Problem to solve >> Output the data below only from the line containing "Handmade Leather Mens" up to and including the line containing "Medium Skin &", exact and with the pictures left out.

*** Dataset excerpts ***

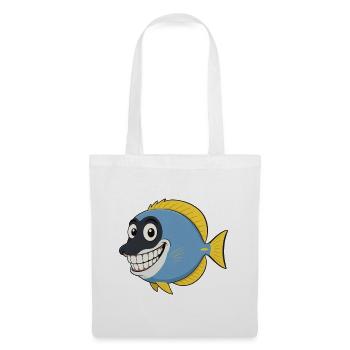 Funny Smile Doktorfisch – White-throated Surgeonfi - Stoffbeutel - Weiß - Vorne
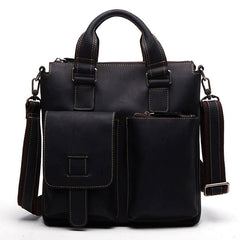 Handmade Leather Mens Cool Messenger Bag Work Bag Satchel Bag Briefcase Bag for men - imessengerbags
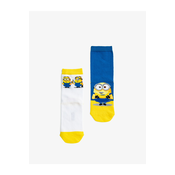 Koton Set of 2 Minions Printed Socks Licensed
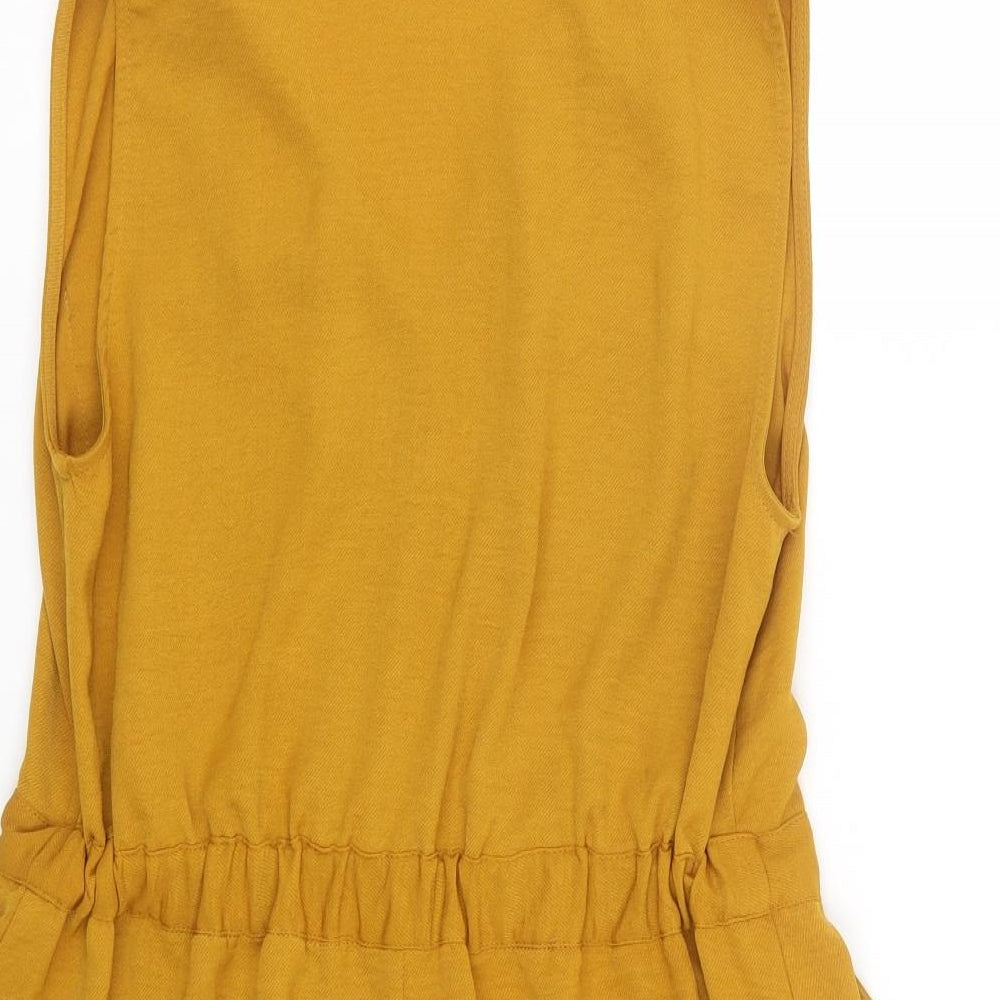 ASOS Womens Yellow   Playsuit One-Piece Size 10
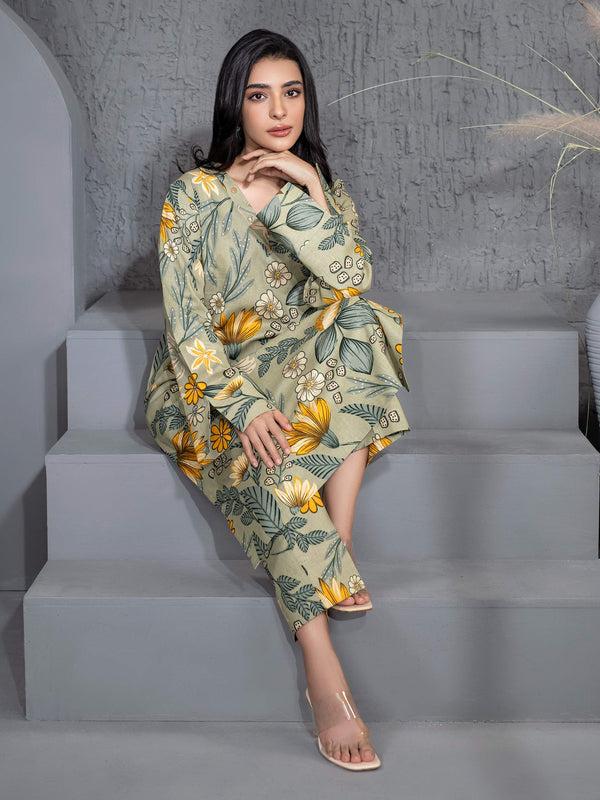 Limelight 2 Piece Khaddar Suit-Printed (Unstitched)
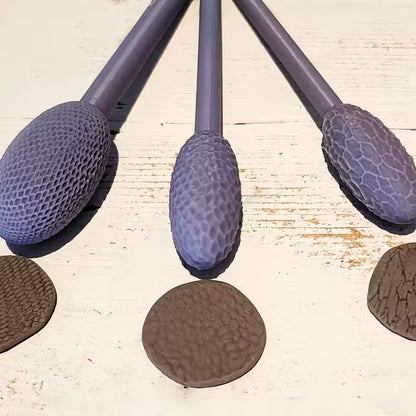 Medium Skin & Creature Texture Stick Tool Set of 9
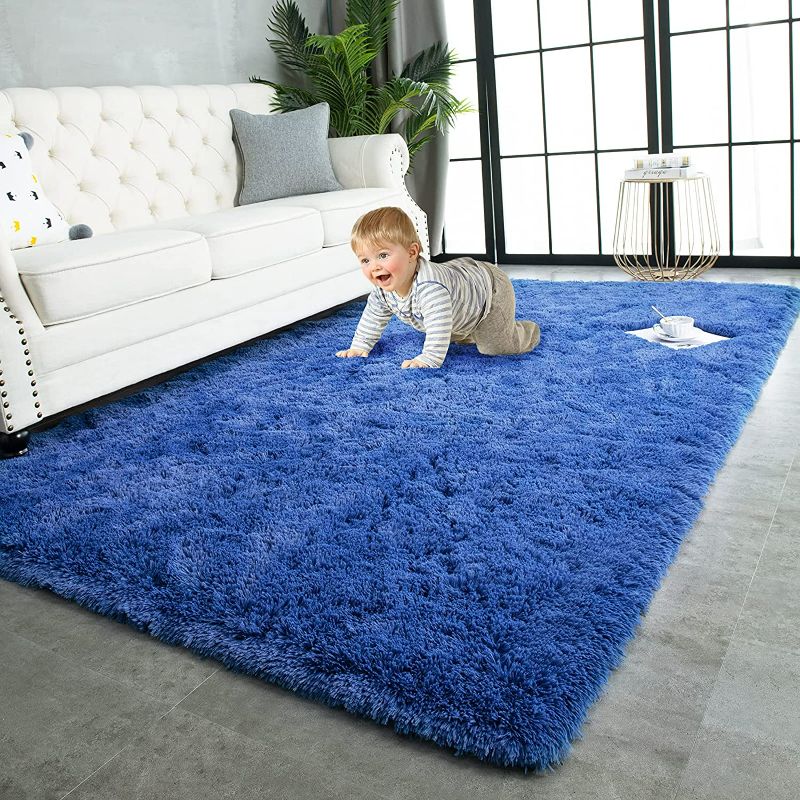 Photo 1 of [Like New] TWINNIS Super Soft Shaggy Rugs Fluffy Carpets (4x5.9 Feet)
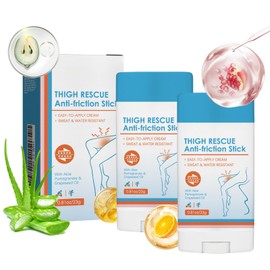 2PCS Anti Chafe Stick - Anti Chafing Cream - Waterproof Glide Anti Chafe Balm - Body Glide Anti-chafe Balm for Heel, Lower Arm, Thigh, Legs - Smooth and Protect Skin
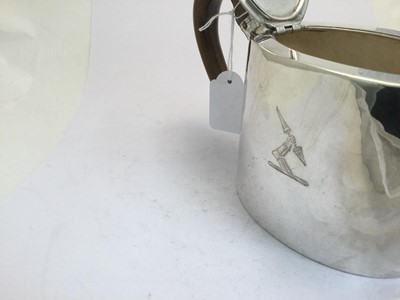 Lot 2001 - A George III Silver Teapot, by William Plummer,...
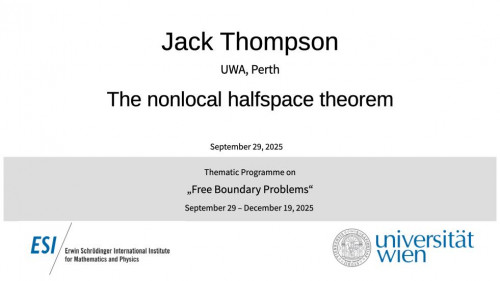 Preview of Jack Thompson - The nonlocal halfspace theorem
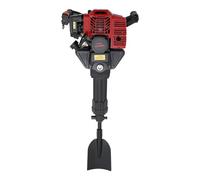 Kazafa Máquina de excavación de árboles, 52 cc, 1500 times/min, 2 tiempos, para árbol de jardín, con pala, picado plano, excavadora de árboles de jardín para granjas, vallas, cultivo de verduras
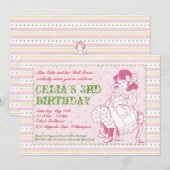 Uitnodiging voor een oude dolle partij met fashion (Voorkant / Achterkant)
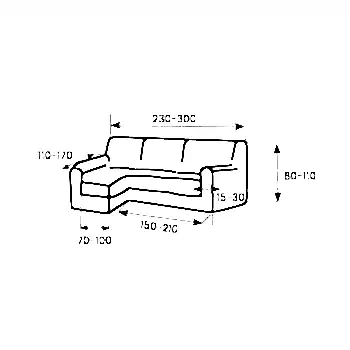 Milos Links – chaise Longue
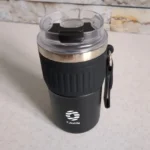 Stainless Steel Coffee Cup Coffee Mug Thermos Cup Portable Travel Mug With Lifting Rope Leak-Proof Non-Slip 500ml/400ml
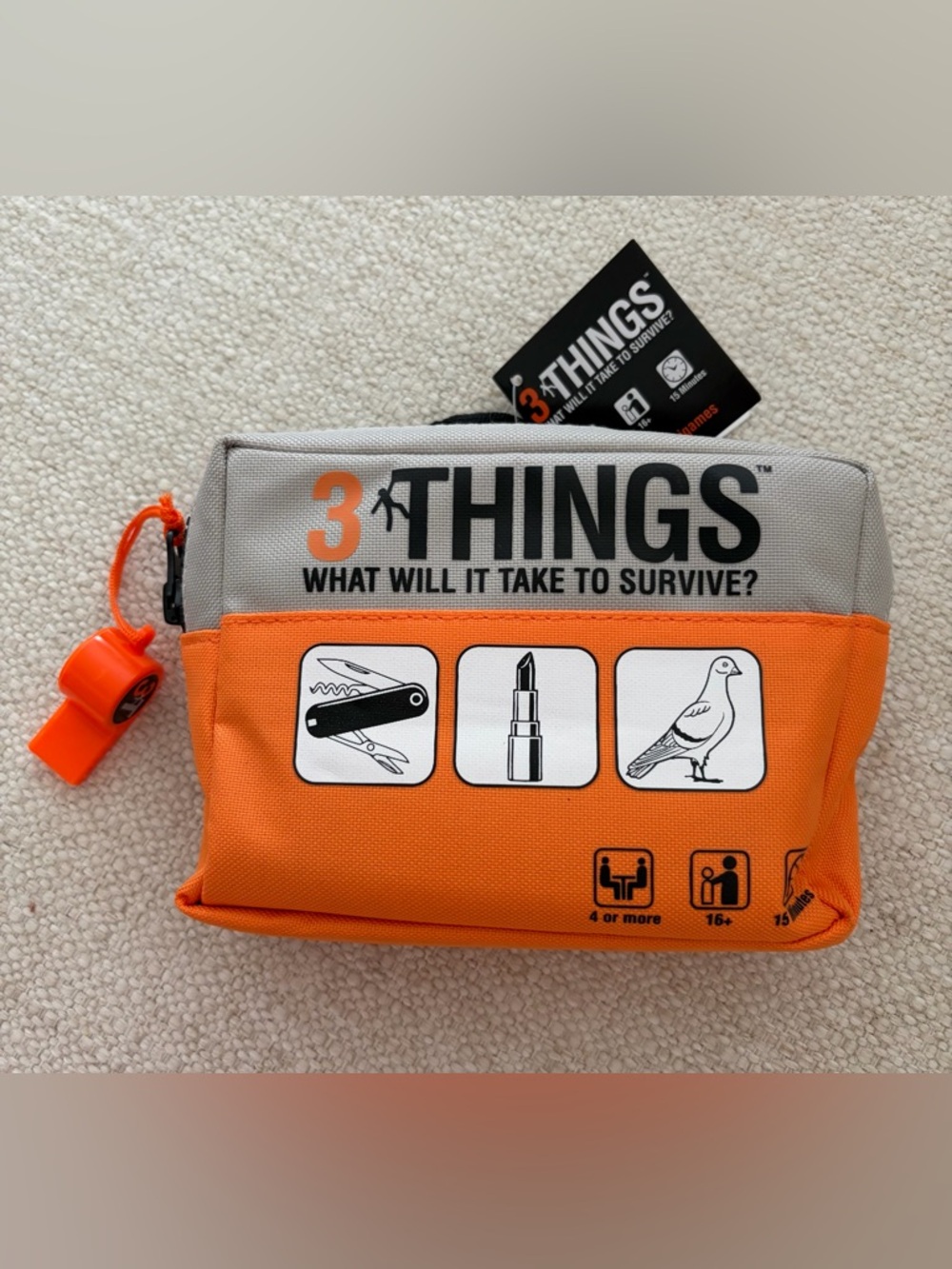 NWT/3Things survival party game. So fun for a crowd or family game night!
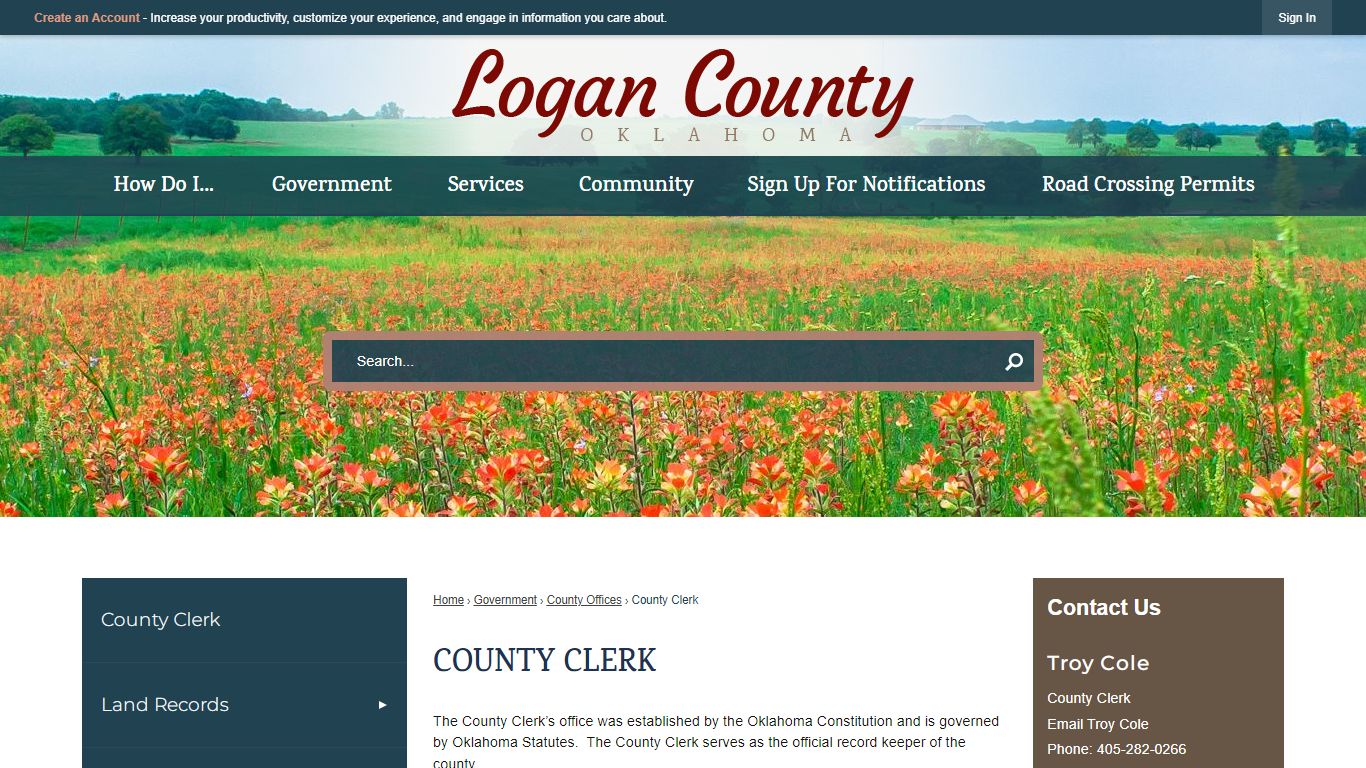 County Clerk | Logan County, OK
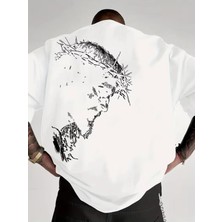 Luliana 1.kalite Baskılı Oversize T-Shirt Günlük Tişört Trend Moda ve Modern Stil Styel %100 Organik Pamuk Relaxed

***

Result >>
 Handmade Leather Mens Cool Messenger Bag Work Bag Satchel Bag Briefcase Bag for men - imessengerbags
 Koton Set of 2 Minions Printed Socks Licensed
 ASOS Womens Yellow   Playsuit One-Piece Size 10
 Limelight 2 Piece Khaddar Suit-Printed (Unstitched)
 Medium Skin & Creature Texture Stick Tool Set of 9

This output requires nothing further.